The preliminary Program can be viewed online here

Confirmed Invited Speakers
Dr. Yoshihiro Kawahara, Associate Professor, Department of Information and Communication Engineering, The University of Tokyo – Japan
« Internet of Autonomous Things »
Internet of Things (IoT) and Big data are expected to open up new vista in various scenes. However computers used to constitute IoT infrastructures are inherently delicate and powerless in harsh natural environments because they assume existence of interactive users as caregivers.
We aim at creating universal information network in which sensor network and IoT devices act as more autonomous and active artefacts and forms a symbiotic relation with natural objects. Research challenges include low-cost and rapid digital fabrication technology to produce smart IoT devices such as sensors, robots, and wearable devices, energy harvesting and wireless power transmission technology for sustainable operation of the IoT devices, and design of an autonomous system architecture that harnesses such energy sources. We foster vertical integration of a new interaction technologies dealing with human-to-object and object-to-object relations in the new material systems enabled by our technology.

Yoshihiro Kawahara
is conducting research in the areas of Computer Networks and Ubiquitous Computing. In 2014, he established a company named AgIC, Inc based on his academic research work on printed electronics. In 2015, he established another company named SenSprout Inc, whose mission is to develop low cost agricultural sensors to save the water needed to grow plants.

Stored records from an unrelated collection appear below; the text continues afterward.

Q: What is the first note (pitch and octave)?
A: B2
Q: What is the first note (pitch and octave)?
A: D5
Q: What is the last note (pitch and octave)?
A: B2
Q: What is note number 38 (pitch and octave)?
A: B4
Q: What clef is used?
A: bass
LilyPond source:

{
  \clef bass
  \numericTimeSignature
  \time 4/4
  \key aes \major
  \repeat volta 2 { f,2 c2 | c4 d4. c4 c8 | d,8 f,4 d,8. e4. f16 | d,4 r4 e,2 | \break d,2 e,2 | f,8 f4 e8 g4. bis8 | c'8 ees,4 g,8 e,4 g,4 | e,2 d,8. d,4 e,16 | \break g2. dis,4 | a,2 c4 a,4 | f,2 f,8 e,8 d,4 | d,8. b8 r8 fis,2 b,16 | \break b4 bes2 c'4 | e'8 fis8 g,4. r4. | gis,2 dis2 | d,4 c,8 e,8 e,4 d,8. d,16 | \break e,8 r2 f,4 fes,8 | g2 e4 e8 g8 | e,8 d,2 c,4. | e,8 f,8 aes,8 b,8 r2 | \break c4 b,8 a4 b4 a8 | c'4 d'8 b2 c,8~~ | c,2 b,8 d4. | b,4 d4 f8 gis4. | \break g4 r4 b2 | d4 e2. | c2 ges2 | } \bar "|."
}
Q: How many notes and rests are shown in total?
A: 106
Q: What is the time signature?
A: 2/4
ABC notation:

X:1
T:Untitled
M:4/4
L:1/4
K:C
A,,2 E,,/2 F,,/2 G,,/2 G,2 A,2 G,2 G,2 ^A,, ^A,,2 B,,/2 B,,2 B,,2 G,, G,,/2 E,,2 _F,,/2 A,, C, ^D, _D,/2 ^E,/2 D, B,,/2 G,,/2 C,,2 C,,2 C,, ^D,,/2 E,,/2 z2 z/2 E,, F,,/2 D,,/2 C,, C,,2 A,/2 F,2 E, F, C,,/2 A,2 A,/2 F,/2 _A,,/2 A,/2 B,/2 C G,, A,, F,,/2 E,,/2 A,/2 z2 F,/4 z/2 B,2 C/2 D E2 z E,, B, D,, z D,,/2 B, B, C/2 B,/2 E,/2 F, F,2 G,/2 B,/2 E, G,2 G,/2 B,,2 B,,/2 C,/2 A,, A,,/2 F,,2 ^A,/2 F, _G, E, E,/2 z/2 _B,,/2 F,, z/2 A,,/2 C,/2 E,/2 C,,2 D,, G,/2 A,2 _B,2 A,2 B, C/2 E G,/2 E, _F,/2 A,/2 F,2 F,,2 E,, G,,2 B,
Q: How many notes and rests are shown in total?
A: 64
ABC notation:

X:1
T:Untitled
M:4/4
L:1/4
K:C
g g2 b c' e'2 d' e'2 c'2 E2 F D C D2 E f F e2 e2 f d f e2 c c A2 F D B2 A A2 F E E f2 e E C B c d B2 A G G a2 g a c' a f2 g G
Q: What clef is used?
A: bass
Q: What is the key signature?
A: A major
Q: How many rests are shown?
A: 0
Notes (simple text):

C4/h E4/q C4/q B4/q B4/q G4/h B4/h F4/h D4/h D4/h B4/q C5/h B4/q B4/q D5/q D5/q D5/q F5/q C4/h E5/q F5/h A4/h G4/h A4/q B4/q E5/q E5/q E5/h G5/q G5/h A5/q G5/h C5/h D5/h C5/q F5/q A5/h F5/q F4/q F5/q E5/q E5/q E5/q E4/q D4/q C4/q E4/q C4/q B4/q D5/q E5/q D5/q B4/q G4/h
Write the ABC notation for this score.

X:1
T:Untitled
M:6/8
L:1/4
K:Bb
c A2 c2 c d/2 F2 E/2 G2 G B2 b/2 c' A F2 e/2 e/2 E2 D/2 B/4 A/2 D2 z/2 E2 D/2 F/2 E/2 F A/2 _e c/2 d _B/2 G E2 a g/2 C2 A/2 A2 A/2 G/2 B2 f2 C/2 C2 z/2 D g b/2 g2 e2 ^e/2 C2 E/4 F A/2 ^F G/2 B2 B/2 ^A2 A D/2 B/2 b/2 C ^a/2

Dr. Harun H. Solak, EULITHA AG, Switzerland
« Nano-patterning for better and more efficient photonic devices »
Because of its wave nature, light interacts strongly with periodic structures which have length scale on the order of the wavelength. This phenomenon provides the foundation of a very rich area of physics which has led to the development of countless uses from spectrometers to photonic crystals. The fabrication of high quality periodic structures for such applications has been an active area of research for several decades now. The PHABLE photolithography technology developed in recent years enables a new way for production of such structures over large areas at low-cost. The technology has been demonstrated for uniform patterning of 4-inch wafers and it is expected to be used in high volume production of LEDs and other devices in the near future. Other possible applications in the photonics field include production of nanostructures for LCD displays, lasers, biosensors and photovoltaic panels

Dr. Solak has over twenty years of experience in the fields of micro and nano fabrication and x-ray science. He received his Ph.D. from the Electrical Engineering Dept. of the University of Wisconsin-Madison. He set up world’s first EUV-IL systems at the UW-Madison and later at the Paul Scherrer Institute in Switzerland. He has been heading the lithography startup Eulitha which he founded in 2009 together with his partners. Dr. Solak has more than one hundred technical articles published in the fields of nanolithography, x-ray microscopy and semiconductor device reliability.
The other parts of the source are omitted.